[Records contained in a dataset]

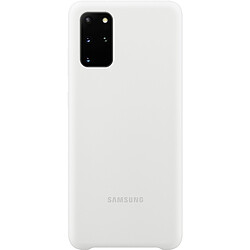 Coque Silicone pour Galaxy S20+ Blanc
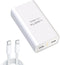 10000mAh Portable Power Bank, 2-Port Slim USB C Charger, High-Speed Charging Compatible with Multiple Devices iPhone 15/14/13 Series, Samsung Gala...
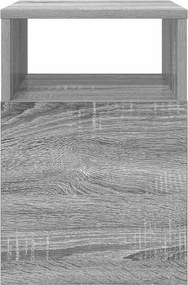 vidaXL End Table 2 pcs Γκρίζο Σονομα 30,5 x 30 x 45 εκ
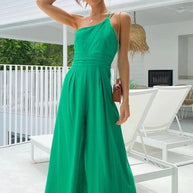Eleganter und sexy Rückenfreier Träger-Jumpsuit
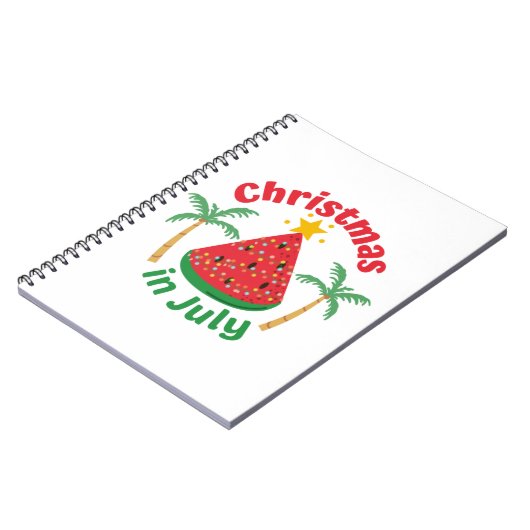 CHRISTMAS IN JULI NOTITIEBOEK (Linkerzijde)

> Directions for this task: Write every record out again exactly; no pictures belong in the copy.

> Response box:
 Coque Silicone pour Galaxy S20+ Blanc
 10000mAh Portable Power Bank, 2-Port Slim USB C Charger, High-Speed Charging Compatible with Multiple Devices iPhone 15/14/13 Series, Samsung Gala...
 vidaXL End Table 2 pcs Γκρίζο Σονομα 30,5 x 30 x 45 εκ
Eleganter und sexy Rückenfreier Träger-Jumpsuit
 CHRISTMAS IN JULI NOTITIEBOEK (Linkerzijde)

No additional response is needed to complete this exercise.